En ce sens, l’arrivée sur terre de cosmonautes vidés d’énergie correspond assez bien à une chute désespérée dans le réel. Exilés d’un Éden rêvé, ils ne peuvent plus marcher et répondent d’un sourire las à des questions convenues. Loin des « enfantillages » badins et des fous rires, ils sont réduits à y penser à regret. Peut-être ont-ils acquis plus de sagesse, puisque quand on leur demande quel est le changement qui les étonne le plus dans le passage de l’URSS à la Russie, ils hésitent sur la réponse, avant que l’un d’entre eux conclue que le plus étonnant, c’est la succession des jours et des nuits. On le voit, la juxtaposition des deux espaces conduit le spectateur à s’interroger autant qu’à laisser aller son esprit, surtout dans les passages muets qui forment des répits contemplatifs bienvenus.

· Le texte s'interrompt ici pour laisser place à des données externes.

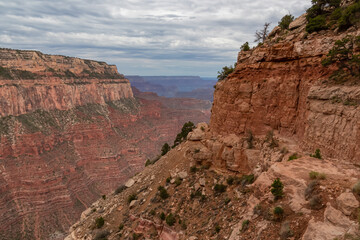 Panoramic aerial view from South Kaibab hiking trail at South Rim of Grand Canyon National Park, Arizona, USA. Colorado River weaving through valleys and rugged terrain. Ponds on track after rain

Car, bien sûr, les images de l’espace de toute beauté sont propices à divagations et forment un contrepoint poétique à la sinistre réalité dont se moquent les deux cosmonautes qui parlent de la Bourse. Une allumette enflammée qui danse dans l’air, une orange qui se superpose à la Terre (le vers d’Eluard est cité), le lever d’un soleil écrasé, voilà l’essentiel, qui fait de nous des êtres inexistants en même temps que grands par le simple fait de pouvoir les contempler.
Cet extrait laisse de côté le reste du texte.